LAS CATARATAS DEL IGUAZU - Eduardo A. Holmberg


La masa de agua que corre por el Iguazú se precipita en el abismo, ofreciendo, por un instante, a quien la contempla, su color verdoso. Mas apenas comienza su caída, el aire penetra al ofrecerle su resistencia y la convierte en espumas. Por todas partes desborda su caudal el poderoso río, no bien aparece una depresión en el borde de su cuenca, y como la resistencia del aire aumenta por la velocidad creciente de la caída, sutiles vapores se levantan del fondo bullidor en que cayeron las espumas, formando como nubes tenues o nieblas espesas, a las que el sol de la mañana envía su cálido mensaje de colores.

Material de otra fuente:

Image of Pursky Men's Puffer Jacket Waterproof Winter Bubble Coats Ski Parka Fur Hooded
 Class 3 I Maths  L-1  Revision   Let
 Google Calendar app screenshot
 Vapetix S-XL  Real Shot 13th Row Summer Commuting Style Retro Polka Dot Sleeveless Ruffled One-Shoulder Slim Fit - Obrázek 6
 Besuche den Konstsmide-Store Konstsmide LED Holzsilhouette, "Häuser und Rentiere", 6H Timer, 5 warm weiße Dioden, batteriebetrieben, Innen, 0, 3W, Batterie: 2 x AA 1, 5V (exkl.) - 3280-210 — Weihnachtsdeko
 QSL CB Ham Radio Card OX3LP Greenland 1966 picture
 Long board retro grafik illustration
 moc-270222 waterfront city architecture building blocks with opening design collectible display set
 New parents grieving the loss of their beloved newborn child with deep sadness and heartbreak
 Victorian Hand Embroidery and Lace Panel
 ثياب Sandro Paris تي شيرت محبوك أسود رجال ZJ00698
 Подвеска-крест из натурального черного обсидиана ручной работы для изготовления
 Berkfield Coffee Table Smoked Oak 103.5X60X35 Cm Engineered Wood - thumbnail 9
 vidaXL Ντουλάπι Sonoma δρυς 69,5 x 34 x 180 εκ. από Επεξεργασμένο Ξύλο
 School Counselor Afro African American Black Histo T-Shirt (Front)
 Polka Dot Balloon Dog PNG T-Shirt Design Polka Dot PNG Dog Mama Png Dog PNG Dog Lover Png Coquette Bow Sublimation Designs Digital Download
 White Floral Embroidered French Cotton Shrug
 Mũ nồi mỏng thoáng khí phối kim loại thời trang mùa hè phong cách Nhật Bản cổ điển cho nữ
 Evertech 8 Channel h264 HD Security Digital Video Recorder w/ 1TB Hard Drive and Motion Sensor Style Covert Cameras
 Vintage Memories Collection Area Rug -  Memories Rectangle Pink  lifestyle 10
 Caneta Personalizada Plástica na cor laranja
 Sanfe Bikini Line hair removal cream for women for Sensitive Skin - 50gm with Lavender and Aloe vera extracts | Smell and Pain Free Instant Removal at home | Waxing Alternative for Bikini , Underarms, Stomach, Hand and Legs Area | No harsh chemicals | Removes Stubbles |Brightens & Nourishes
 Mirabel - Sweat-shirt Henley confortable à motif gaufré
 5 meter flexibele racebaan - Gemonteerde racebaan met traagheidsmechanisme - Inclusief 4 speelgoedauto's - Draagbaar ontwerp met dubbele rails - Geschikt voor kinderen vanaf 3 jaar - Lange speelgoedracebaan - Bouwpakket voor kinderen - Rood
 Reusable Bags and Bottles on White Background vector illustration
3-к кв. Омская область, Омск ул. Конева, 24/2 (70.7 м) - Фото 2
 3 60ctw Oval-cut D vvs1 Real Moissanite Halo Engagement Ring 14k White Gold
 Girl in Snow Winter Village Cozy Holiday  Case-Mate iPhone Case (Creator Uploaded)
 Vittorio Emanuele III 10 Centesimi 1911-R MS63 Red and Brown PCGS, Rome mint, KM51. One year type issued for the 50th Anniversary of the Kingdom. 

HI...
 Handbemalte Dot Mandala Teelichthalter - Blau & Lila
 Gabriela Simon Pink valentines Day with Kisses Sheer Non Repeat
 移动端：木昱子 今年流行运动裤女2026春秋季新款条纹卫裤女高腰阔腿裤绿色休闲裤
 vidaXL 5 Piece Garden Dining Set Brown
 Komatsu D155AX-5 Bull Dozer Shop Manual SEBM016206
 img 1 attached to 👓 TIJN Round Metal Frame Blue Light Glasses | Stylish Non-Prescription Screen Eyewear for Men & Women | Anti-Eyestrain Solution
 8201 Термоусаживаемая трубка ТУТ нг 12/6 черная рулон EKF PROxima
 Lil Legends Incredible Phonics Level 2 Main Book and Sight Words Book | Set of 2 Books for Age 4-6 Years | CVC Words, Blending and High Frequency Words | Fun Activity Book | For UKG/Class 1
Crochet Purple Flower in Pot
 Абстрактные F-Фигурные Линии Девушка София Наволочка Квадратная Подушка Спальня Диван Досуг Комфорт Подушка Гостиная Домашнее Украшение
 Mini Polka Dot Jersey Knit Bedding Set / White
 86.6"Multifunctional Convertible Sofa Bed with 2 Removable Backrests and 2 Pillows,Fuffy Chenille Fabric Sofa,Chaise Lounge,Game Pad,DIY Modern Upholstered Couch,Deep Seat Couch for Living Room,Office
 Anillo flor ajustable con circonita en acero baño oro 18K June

Todo es glorioso allí. Una vegetación lozana y vigorosa arraigada entre las rocas volcánicas por las cuales se deslizan los torrentes y arroyos, ora salpicando los troncos de los árboles, ora las grandes piedras que los torrentes arrastraron en el tumulto de su caída. El verde variado de las hojas se destaca sobre el rojizo oscuro de las moles pétreas; las flores embalsaman el ambiente húmedo y tibio de la mañana; las nubecillas de vapor suavizan, al interponerse, lo duro de los tonos. Pero allí está el arco iris, aire luminoso, a través de cuyas amplias cintas se perciben el contorno y el movimiento, pero nuevo, indefinible, luz de lo irreal, cielo del hada invisible que en la noche de los tiempos estampó su varilla mágica en la cuna de este cuadro de belleza incomparable.

Un cielo puro y azul, como un dosel divino, tiende sobre el cuadro su concavidad infinita, y un hondo rumor, inmenso, continuo, se levanta de las profundidades del abismo saludando la majestad del cielo que lo cubre y lo contiene.